1. Clarity & consistency
Usually it helps to provide clear expectations and to be consistent. Though this might sound ‘simplistic’ and ‘insufficient’, it tends to be very effective. When colleagues know what’s expected from them, and they realize they won’t get away with not doing it, they usually end up doing the right thing…
Andrea had too many n-2 come to her, rather than to their manager. Probably because, given her experience, she gave quicker (and better) answers. Andrea realized many of the questions could be answered by the manager. She decided to tell people to first address their questions with their own manager. Only if the manager deemed it necessary, the question would be escalated to Andrea. Andrea would be consistent. Whenever she received a question from an n-2 or n-3, she would ask « Have you checked it with your manager? If not – why don’t you check it with him first »…
For Nick it was quite similar. He had hundreds of quality concerns with the reports he received. So it was impossible to give clear expectations for everything. But he realized some quality issues were far more frequent than others. So Nick decided to already clarify his expectations on these… And be consistent. Every time these 2-3 areas were not ok, Nick would say “Oh – you see – we agreed reports had to include x or y – I see it’s not yet done. Could you adapt the report? I’ll look again once it’s done”. Consistently.
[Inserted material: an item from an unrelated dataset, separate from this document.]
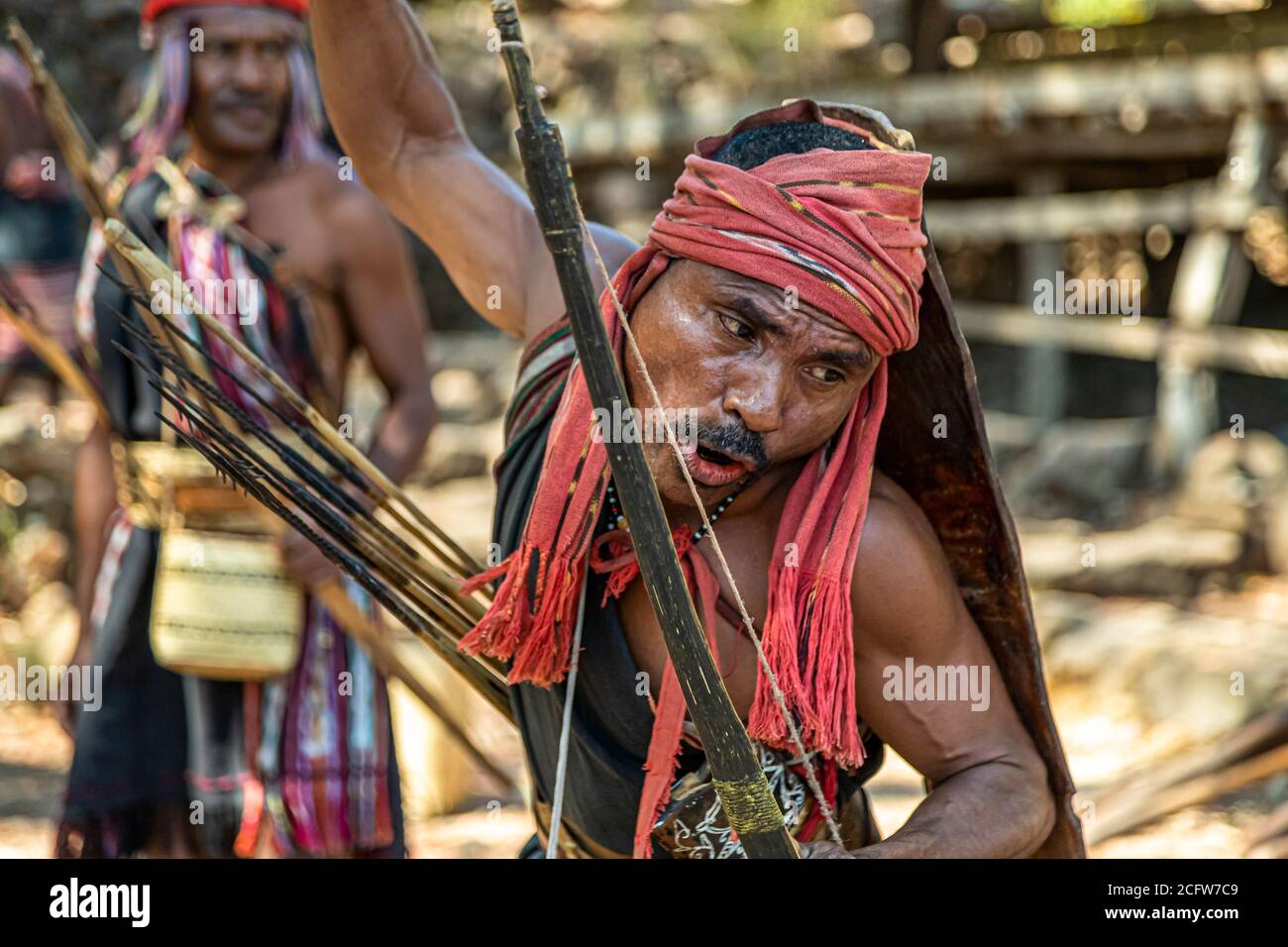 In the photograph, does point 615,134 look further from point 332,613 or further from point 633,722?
point 633,722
Andrea and Nick thought it would be easy to apply this ‘consequence management’. But it wasn’t…
Having to correct the reports of his team members had always been exasperating for Nick. But it had given some good vibes as well. “How good I improved this report”. “It’s much higher quality now”. “They sure need a reliable person like me in this position!”. No wonder expressing clear expectations didn’t come easy for Nick…. OF COURSE he continued to change the reports himself “it’s so much quicker if I correct it myself than if I have to ask my team member to correct it! After all, I am an efficient, productive person!”.
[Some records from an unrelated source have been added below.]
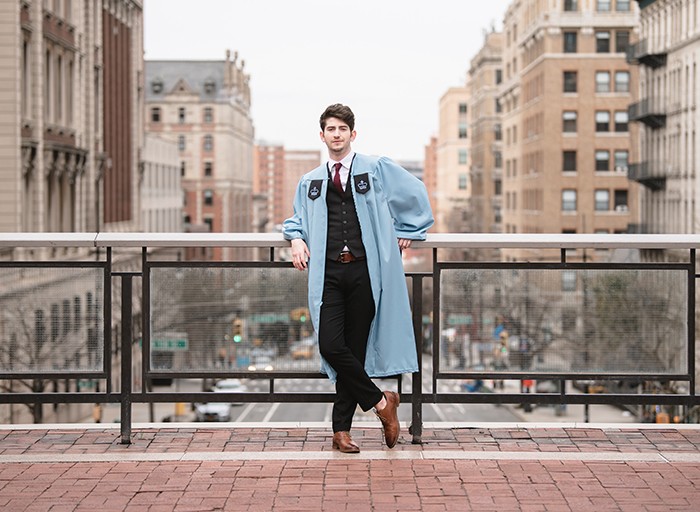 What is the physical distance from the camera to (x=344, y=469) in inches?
321

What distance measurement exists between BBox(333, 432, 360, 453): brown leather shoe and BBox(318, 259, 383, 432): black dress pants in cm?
4

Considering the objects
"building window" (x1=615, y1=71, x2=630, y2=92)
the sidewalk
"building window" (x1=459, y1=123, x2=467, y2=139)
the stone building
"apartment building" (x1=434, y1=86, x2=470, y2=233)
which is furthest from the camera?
"building window" (x1=459, y1=123, x2=467, y2=139)

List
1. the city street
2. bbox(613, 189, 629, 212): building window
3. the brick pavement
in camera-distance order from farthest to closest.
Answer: bbox(613, 189, 629, 212): building window, the city street, the brick pavement

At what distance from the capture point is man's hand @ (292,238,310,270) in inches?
340

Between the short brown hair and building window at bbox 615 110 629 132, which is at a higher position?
building window at bbox 615 110 629 132

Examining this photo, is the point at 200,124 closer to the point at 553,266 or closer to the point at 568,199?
the point at 568,199

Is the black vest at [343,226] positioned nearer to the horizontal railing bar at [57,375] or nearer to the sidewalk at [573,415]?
the horizontal railing bar at [57,375]

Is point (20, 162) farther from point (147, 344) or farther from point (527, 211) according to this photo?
point (527, 211)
Being interrupted had always been frustrating for Andrea. But it had been rewarding too. Be able to help others, see their smiles, connect with them, feel proud of knowing the right answers, … These had all been small ‘victory moments’. Besides, who would feel comfortable with saying: “I don’t want to help you”? Andrea was a nice, reliable person – not? So OF COURSE she continued to allow others to interrupt her, even after she had expressed clear expectations.
For the situation to improve, Andrea and Nick had to be sufficiently motivated first. Motivated to change the status quo. Motivated to stop having those ‘small personal wins’. Motivated to accept the discomfort of not stepping in anymore. When they were truly motivated, and really DECIDED to change, they started to act. And to reap the results. Leading to more effectiveness for Andrea and Nick. But also more fulfillment for their colleagues (who now had more clarity and empowerment)…
Are there areas in your professional (or personal) life where others are not doing what you want? Why not clarify expectations and be consistent in correcting people until they apply the ‘right behavior’? But make sure to be sufficiently motivated to address the issue. Without this motivation, it won’t work. Promised.